If you haven’t heard of Dave Ramsey, you are probably in excellent financial shape. For many, he represents a financial savior for those who have too much debt and want to improve their money management through Dave Ramsey’s 7 baby steps.
Who Is Dave Ramsey?
Dave Ramsey is a well-known personal finance guru and coach, helping millions through his top-rated nationally syndicated weekly radio program, books, Financial Peace University, and more.
Step 1 Save $1,000 For Your Starter Emergency Fund
Dave wants you to do two things before dealing with the emergency fund. You need a budget and get current with your creditors if you are behind with payments. Pay your basic living necessities first, and pay what is due on your credit cards and student loans.
Step 2 Pay Off All Debt (except the mortgage) Using The Debt Snowball
The debt snowball requires you to list all your debts in order of smallest payoff balance to largest, excluding your home mortgage, irrespective of the loan’s individual interest rate. All loans are put on the list even they are loans from a family member with zero interest.
Step 3 Save 3-6 Months of Expenses for a Fully Funded Emergency Fund
Establishing an emergency fund of three or six months is dependent on your circumstances. Do you earn a steady or irregular income, have better job security because you are a tenured teacher, or work for a new start-up company? Those who make lumpy compensation or face higher risks of losing their job should go for the more extended funding to feel financially secure.
Step 4 Invest 15% of Your Income in Retirement
Investing 15% of your income should take full advantage of tax benefits and the company match of the sponsored 401K plan. Typically, you need to allocate a minimum percentage to earn the company’s contribution, “free money,” but part of your compensation package.
Step 5 Save For Your Children’s College Fund
According to Dave, going to college is a want, not a need, and a luxury. For many, that may be so.
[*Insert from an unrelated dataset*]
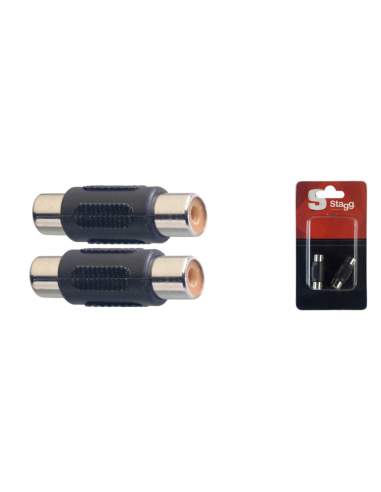 2x Female RCA/female RCA adaptor in blister packaging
College prices rise faster than inflation, and having a college degree doesn’t guarantee success or wealth. However, paying your college costs fully with loans is a financial drag on your young adult life.
Step 6 Pay off Your Home Mortgage Early
Dave dislikes most types of loans, except for the home mortgage. He wants families to eliminate this mortgage as quickly as possible in this step. His recommendation is to find any money in your budget outside of living retirement and investing in college. If you can pay cash for your home, all the better.
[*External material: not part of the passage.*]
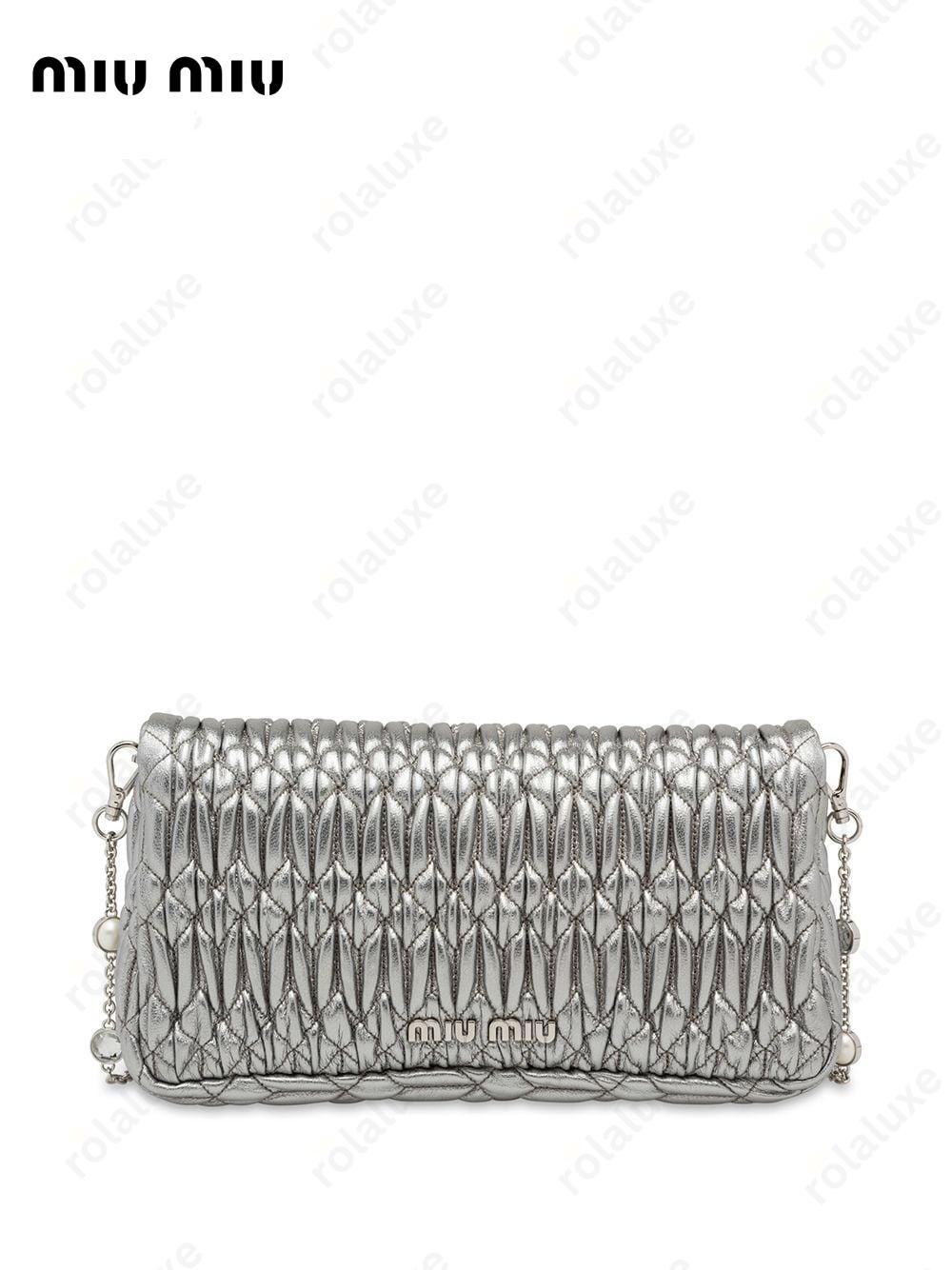 Miu crystal matelassé shoulder bag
Step 7 Build Wealth, Give, And Live Like Nobody Else
Dave wisely tells his readers that wealth is not “an escape mechanism” and is in line with our sentiments.
This step is relatively short and lacks guidance for investing outside of retirement and college planning. Dave wants you to take a bow at this “Pinnacle Point” when you successfully get to this step, and maybe thank him for the well-deserved roadmap he set for readers.